Bickford v. Dillon

321 Mass. 82 | Mass. | 1947

Spalding, J.

This is an appeal by the plaintiff from a decree dismissing a bill in which he sought specific performance of a covenant to renew a lease.

The plaintiff and his partner Rubin1 on September 2, 1939, executed a lease by which they became the lessees of a building in Holyoke owned by James B. Dillon. The lease,2 which ran for a term of five years commencing on *83October 15, 1939, contained a clause that "the lessees . . . shall have the option of a renewal of this lease for the further term of five (5) years, upon the expiration hereof, upon the same terms and conditions, provided the lessees, at least three months before the date of the expiration hereof, shall give the lessor written notice of their intention to renew.” Dillon, the lessor, died in May, 1943, and his widow, the defendant Kathryn R. Dillon, became executrix of his will by which she succeeded to all of his property. No renewal notice as provided in the lease was ever given to either Dillon or the defendant Kathryn R. Dillon; nor was a new lease or something equivalent thereto ever executed. On December 8, 1945 (nearly fourteen months after the expiration of the original term of the lease), the premises were conveyed, subject to the plaintiff’s rights, if any, under the lease, to the defendants Charles E. and Helen B. Godere, who immediately instituted proceedings to dispossess the plaintiff.

The bill was rightly dismissed.

If the plaintiff was entitled to a renewal, that right was not lost by the conveyance to the God eres, who took title subject to the rights of the plaintiff under the lease. Leomin-ster Gas Light Co. v. Hillery, 197 Mass. 267, 269. Judkins v. Charette, 255 Mass. 76, 81. But the right to a renewal was not established. The plaintiff concedes that no notice to renew in accordance with the terms of the lease was ever sent, but contends that this requirement was waived. A lessor, of course, may waive such a provision. Stone v. St. Louis Stamping Co. 155 Mass. 267, 270. Wood v. Edison Electric Illuminating Co. 184 Mass. 523, 527. The judge, however, found that there was no waiver, and from an examination of the evidence, which is reported, we cannot say that this finding was plainly wrong. Blair’s Foodland Inc. v. Shuman’s Foodland, Inc. 311 Mass. 172, 174. The plaintiff, relying on the principle that in equity time ordinarily is not of the essence (Preferred Underwriters, Inc. v. New York, New Haven & Hartford Railroad, 243 Mass. 457, 463-464), urges that there was substantial compliance with the terms of the renewal clause by conduct on his part after the *84time for the exercise of the option had passed. But the short answer to this is that, whether the question arises at law or in equity, time is of the essence of an option. Morgan v. Forbes, 236 Mass. 480, 483. Donovan Motor Car Co. v. Niles, 246 Mass. 106, 107. Hunt v. Bassett, 269 Mass. 298, 302. Nichols v. Sanborn, 320 Mass. 436, 438. Although the plaintiff continued to occupy the premises for approximately fourteen months after the expiration of the lease and during that period paid rent at the rate prescribed in the lease, the conclusion of the judge that this occupancy “has not been under the terms of any lease” cannot be said to be erroneous. See Leavitt v. Maykel, 203 Mass. 506. Compare Stone v. St. Louis Stamping Co. 155 Mass. 267.
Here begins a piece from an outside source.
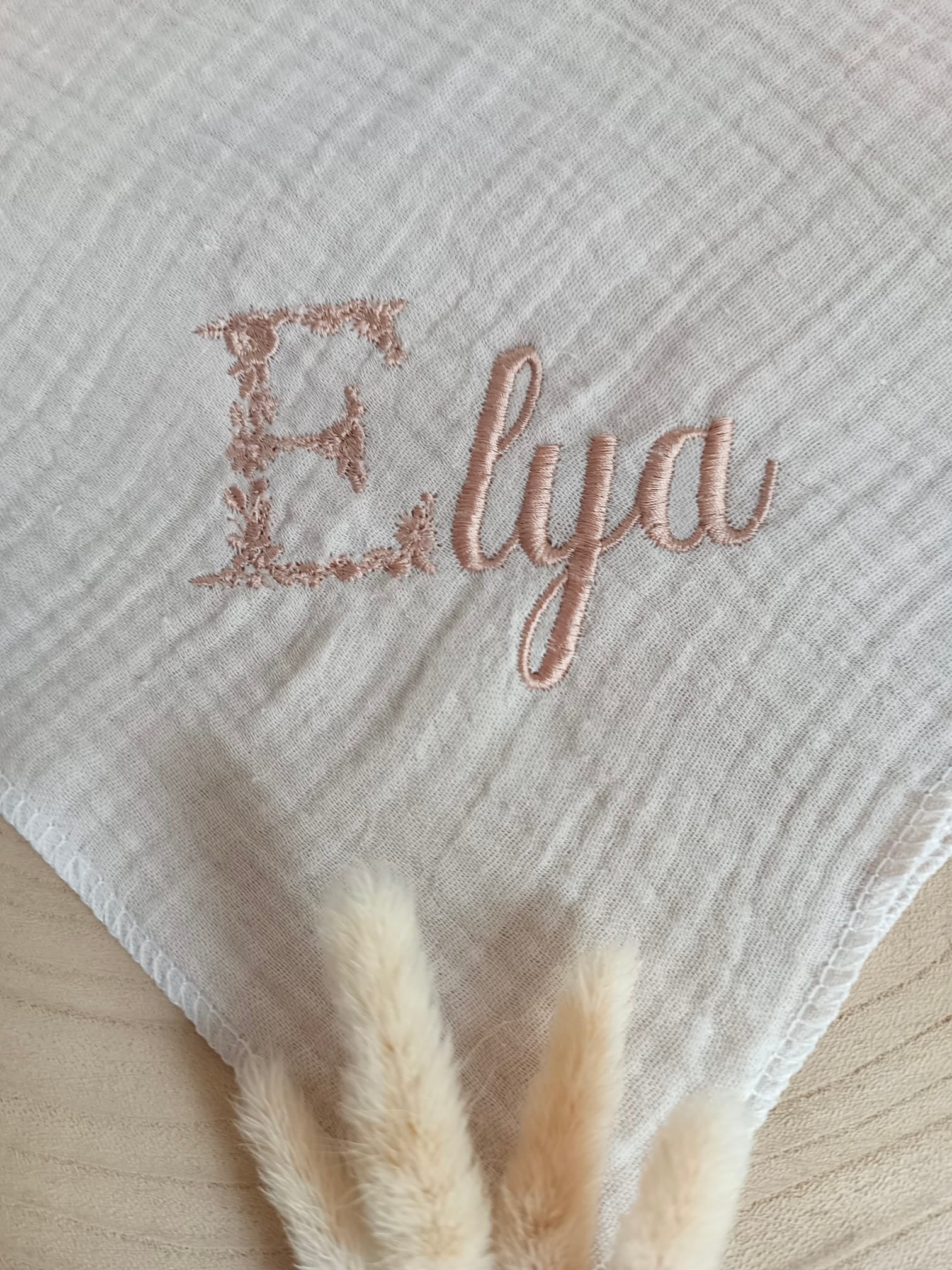 Lange en gaze de coton beige 60*60 personnalisable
The defendants Charles E. and Helen B. Godere ask that the final decree be modified so as to include certain relief prayed for .in their counterclaim, which was dismissed without prejudice. But they did not appeal, and it is not open to them to ask for a decree more favorable to themselves. Coe v. Coe, 313 Mass. 232, 234. Greenaway’s Case, 319 Mass. 121, 122.

Decree affirmed with costs.

Early in 1940 the partnership was dissolved and the plaintiff acquired all of Rubin’s rights with respect to the lease.

The lease was recorded in the registry of deeds.